To do | Only the lines from the one with "Two tone Logo & Pavé Necklace" to the end of the listing below should be set down, exactly as written and without any pictures.

-- Data for analysis follows --

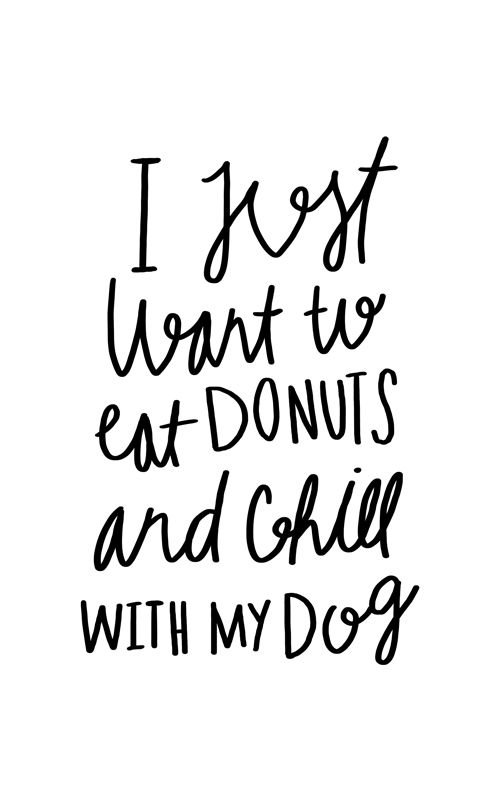 Donuts, dogs, and a free printable. :)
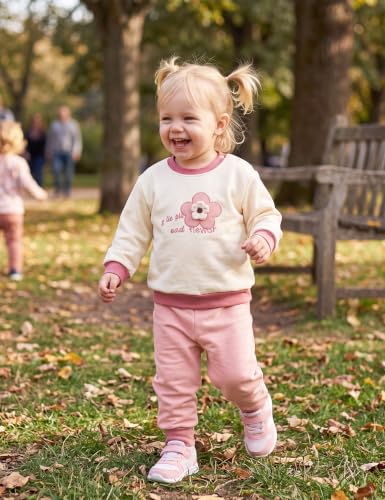 Image of Gnainach Baby Girls Clothes 2 Piece Sweatshirt Toddler Fall Winter Outfit | Long sleeve sweatshirt,Soft,cozy fabric for everyday fall and winter outfits
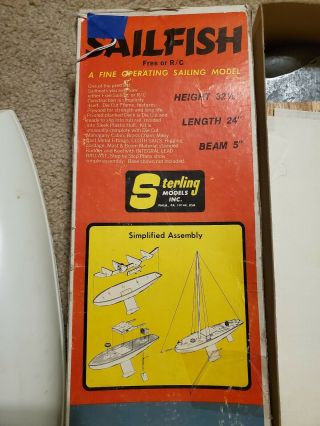 Vintage Sterling Sailfish Sailboat Model Kit 3
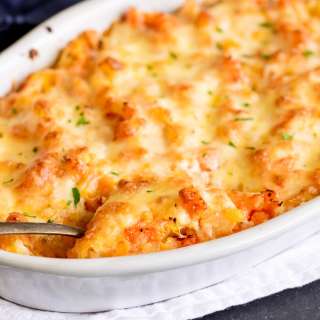 Cheesy Rutabaga and Carrot Casserole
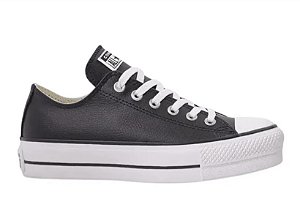 Tênis All Star Plataforma Ct09830002 Chuck Taylor All Star Lift Preto/Branco/Preto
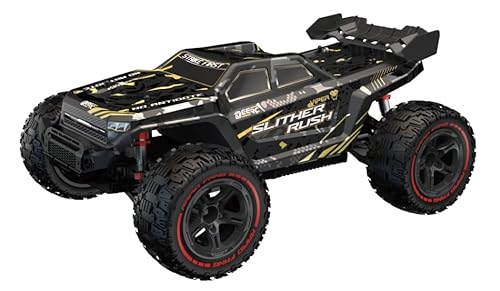 DEERC 209E 1:10 Fast Brushless RC Car for Adults & Boys, 60+ KMH High Speed 4WD Off-Road Remote Control Truck with 2 x 3S Batteries & Extra Swing Arms, Hobby Grade Racing Car, RC Crawler Gift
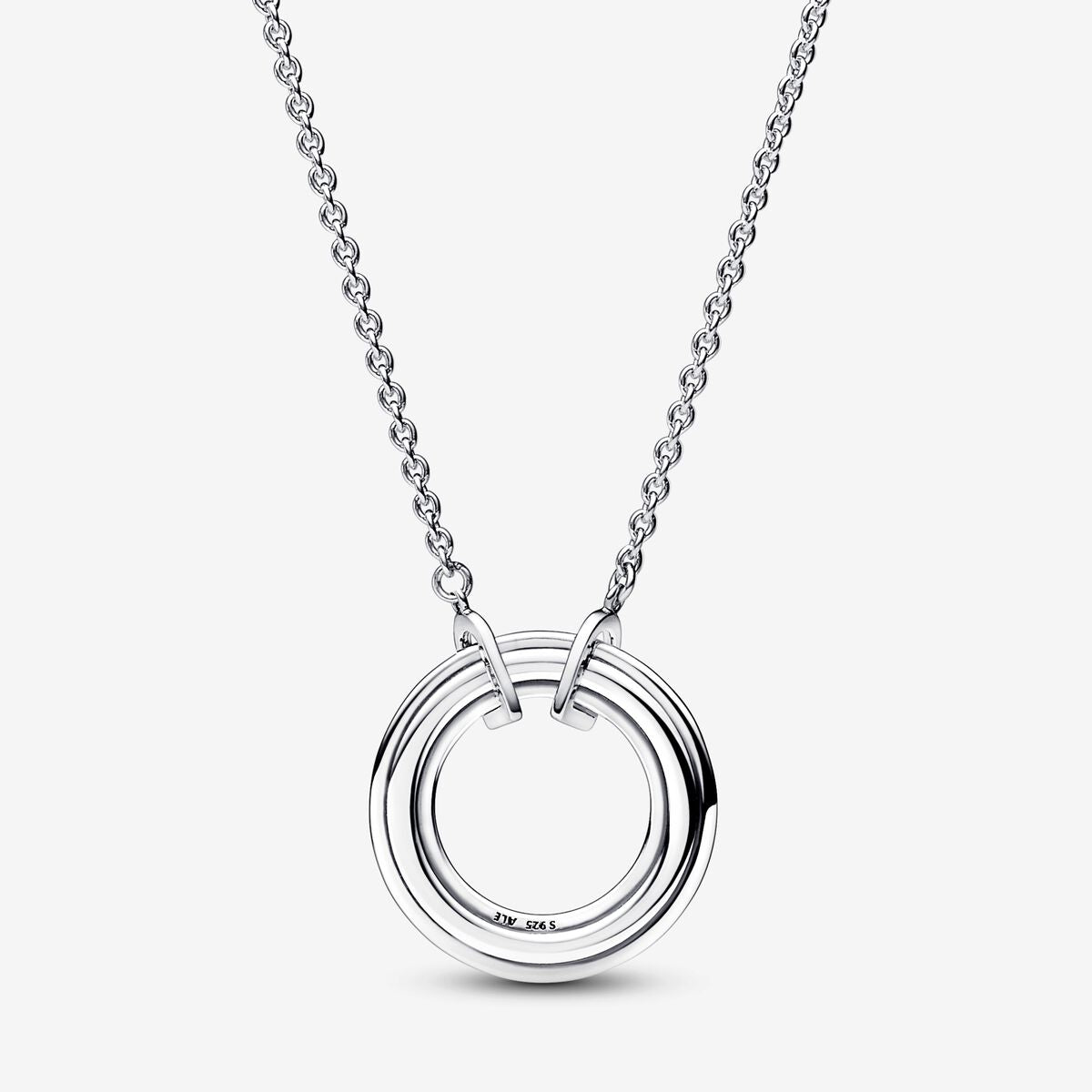 Two tone Logo & Pavé Necklace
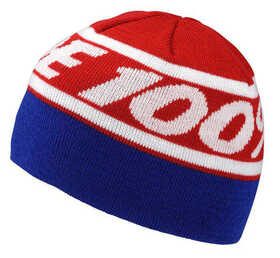 Bonnet 100% Rally Rouge - Bleu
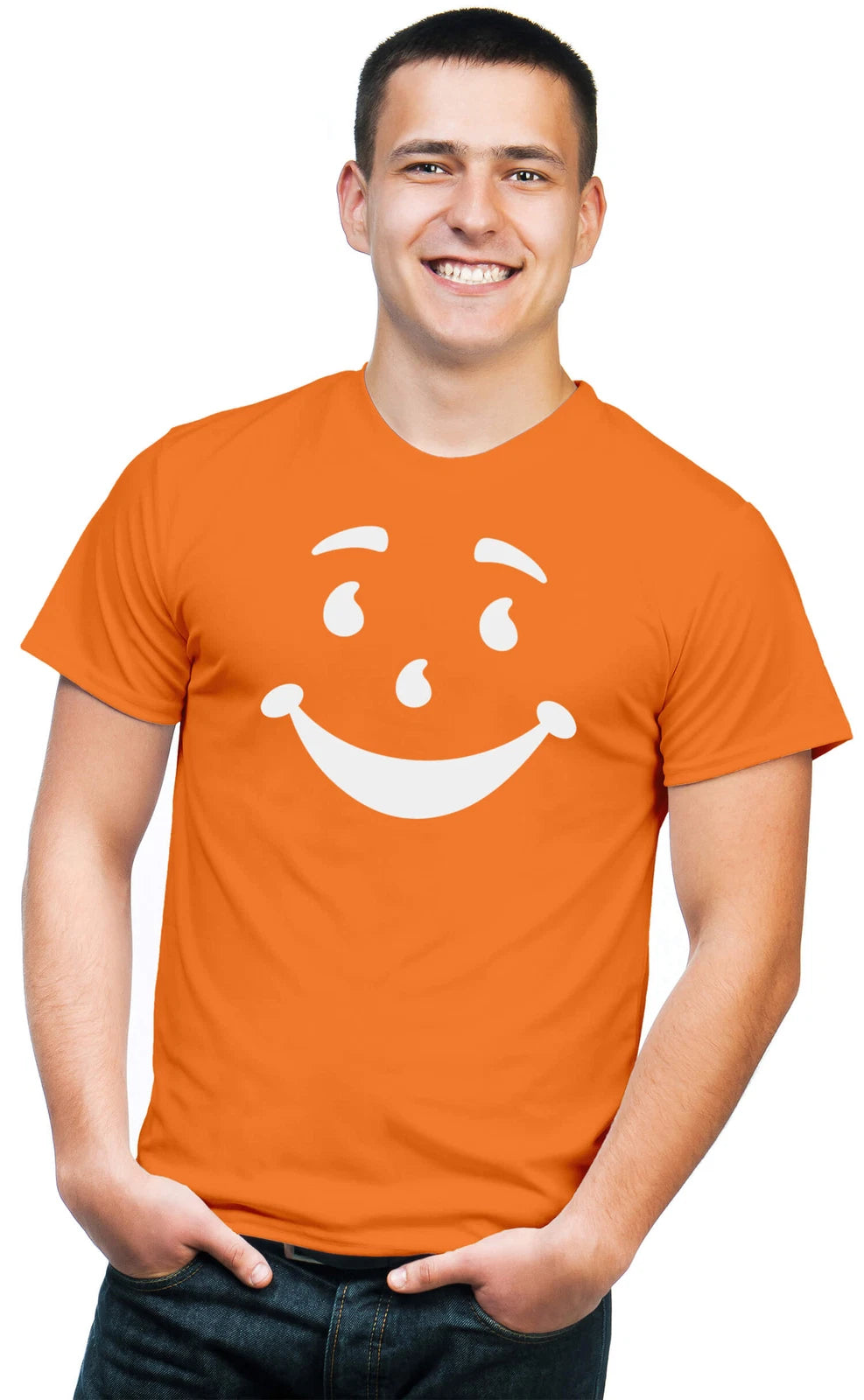 BSW Men's Cool-Aid Man Face Oh Yeah! Juice Shirt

-- Data for analysis concluded --

Response box |
 Two tone Logo & Pavé Necklace
 Bonnet 100% Rally Rouge - Bleu
 BSW Men's Cool-Aid Man Face Oh Yeah! Juice Shirt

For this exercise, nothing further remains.